Мемориальный комплекс «Ата-Бейит», могила Ч.Т.Айтматова. Фото: Шамиль Валеев
– И что происходит после его ухода - ведь замены нашим духовным авторитетам так и не нашлось?
– Ушел духовный лидер, ушел духовный отец нации. Пока он был жив, мы могли услышать его советы, его мнения о тех или иных общественно-политических процессах. Но это относится полностью и к Мустаю. Это, наверное, полностью относится к Гамзатову, и, наверно, к Кулиеву и к Кугультинову. Мы не можем сейчас узнать их мнение, их советы. Также, как ребенок стесняется, оглядывается на позицию и на мнение отца и, совершая тот или иной поступок, думает, получит он одобрение или осуждение своего родителя, точно также сегодня нет духовного лидера. И планка нравственности, причем и в политике, и в бизнесе, и в общественной жизни, опускается. Киргизы, мы, Кыргызстан, лишены духовного патриарха, которого мы бы стеснялись, осуждения которого мы бы боялись. Мне кажется, общественная жизнь современности, в целом, лишена таких вот фундаментальных, основательных личностей, которые бы определяли эти предметы.
– В то же время, увековечивая их память, доступными нам способами, обращаясь внутренним голосом, взором к их гуманистическим идеалам, которые они в своей литературе до нас доводили, мы, наверно, становимся лучше…
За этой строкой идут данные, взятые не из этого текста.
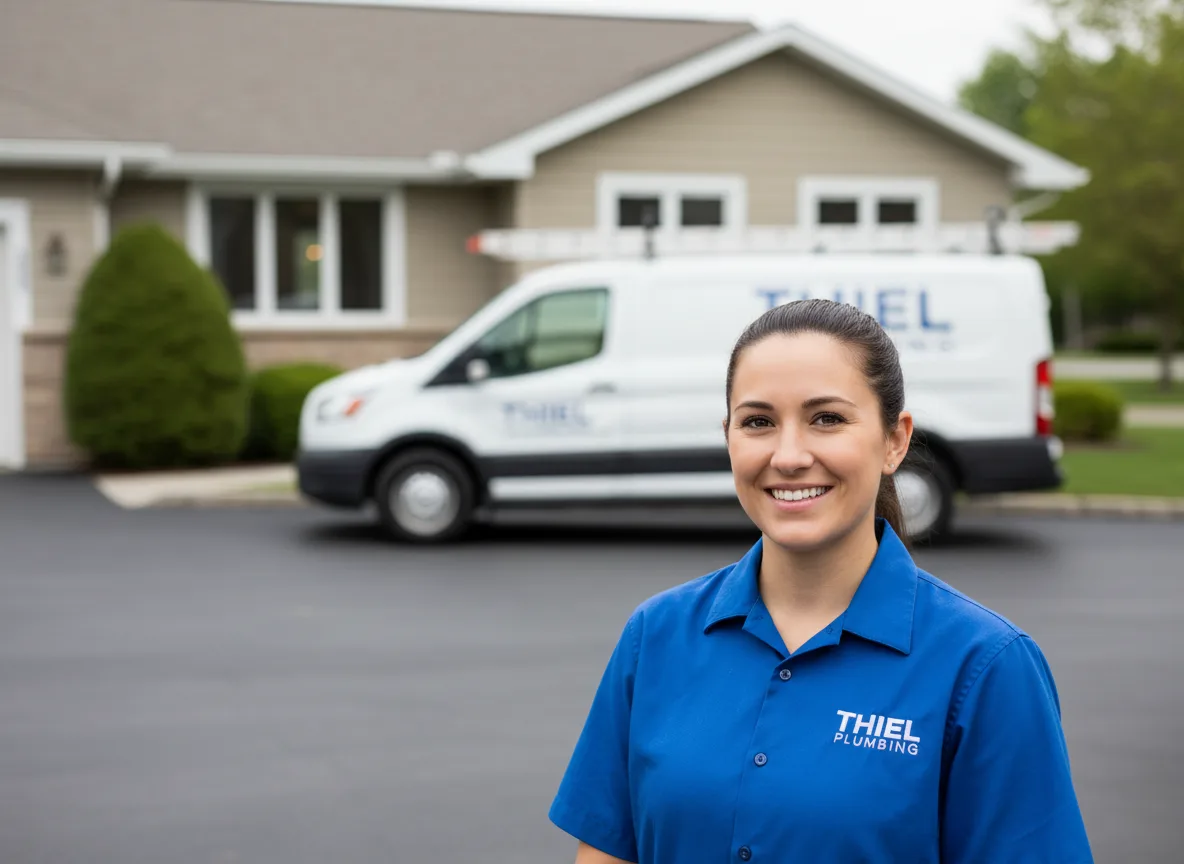 Plumber Surrey, ND FAQs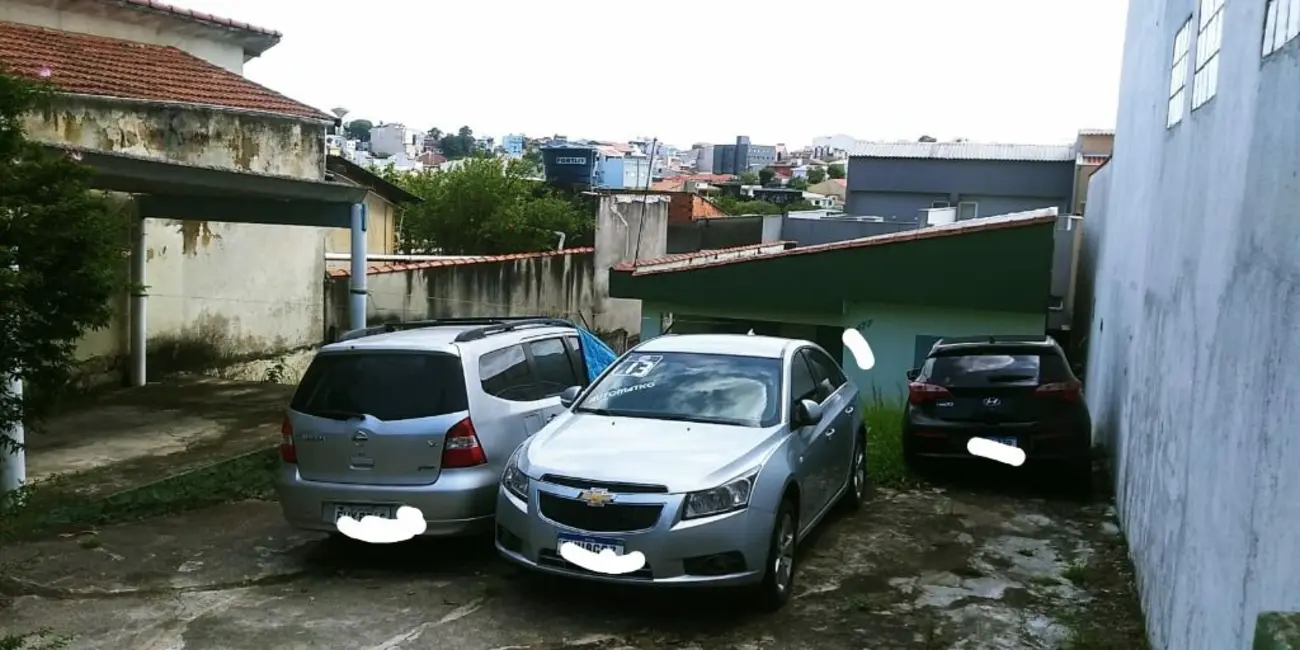 Foto 4 de Casa com 2 quartos à venda, 350m2 em Vila Curuçá, Santo Andre - SP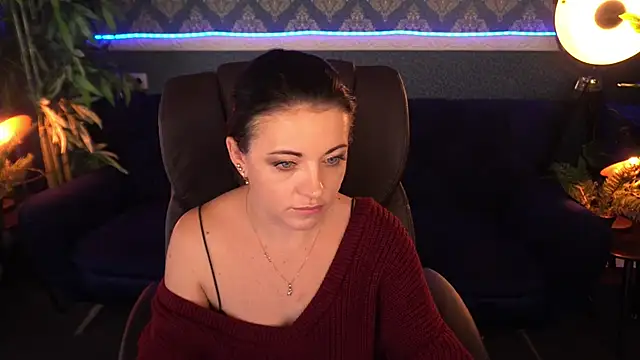 Snapshot of Dafni_Monn chatting on 11-05-25, 06:46 Dafni Monn online show from 11-05-25, 06:46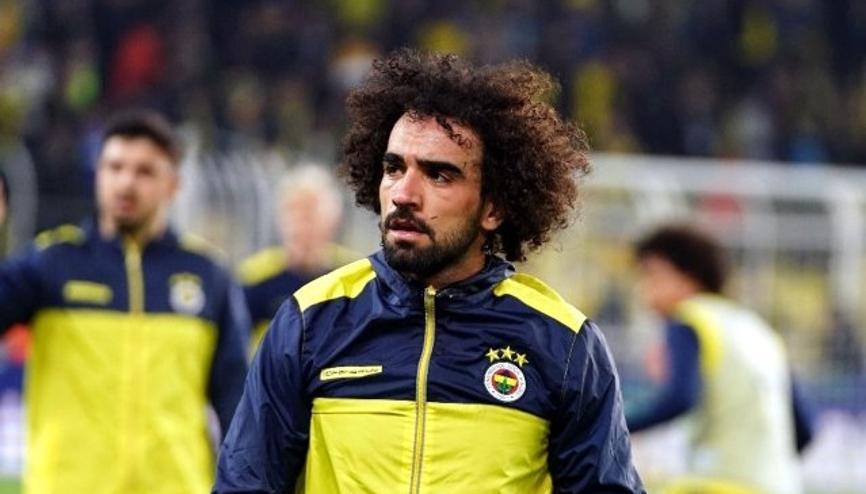 Fenerbahçede sol bekte kim oynayacak Caner ve Novak yerine...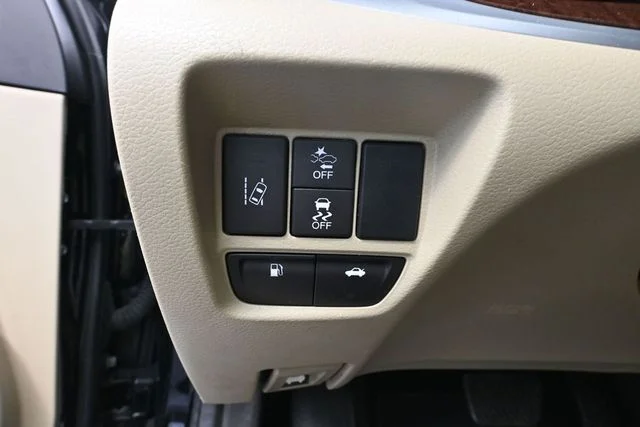2020 Acura TLX Base - Photo 30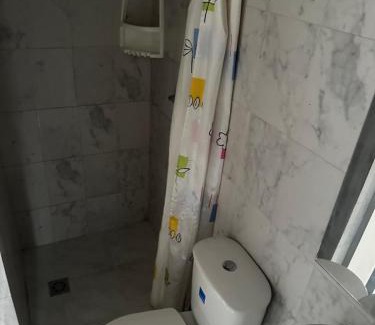 San Jose de Pare Appartement | Alojamiento apartamento campestre Barbosa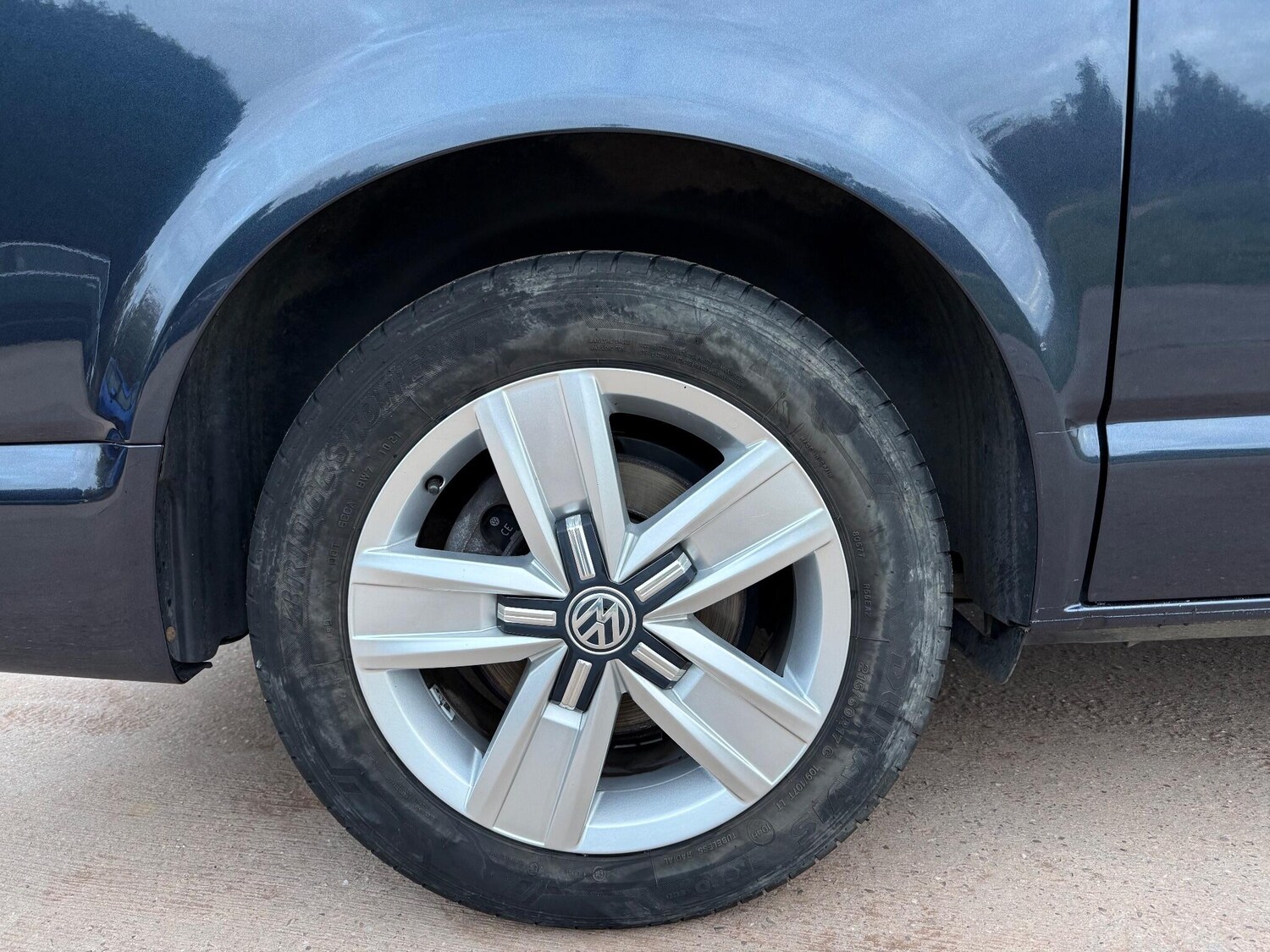 Used Volkswagen California 2021 for sale - 76121682: Photo 97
Чабан. Фото: Шамиль Валеев
– Наверное, да. Увековечивая память, мы вынуждаем, именно вынуждаем, побуждаем нынешнее и последующее поколения обращаться к их творчеству, а значит, к их мыслям, а значит, к их заветам. В нашем театре до сих пор ставили »В ночь лунного затмения». Это был весьма, весьма популярный спектакль…
– Он на каком языке?
– На киргизском и на русском. Оба театра наших ставили. Сейчас – нет. Но я недавно разговаривал с руководством, они мне сказали: мы постараемся восстановить к столетию. И не только этот, может быть, и иные.
– С чем мы по-вашему должны остаться после 100-летия Мустая, с каким импульсом?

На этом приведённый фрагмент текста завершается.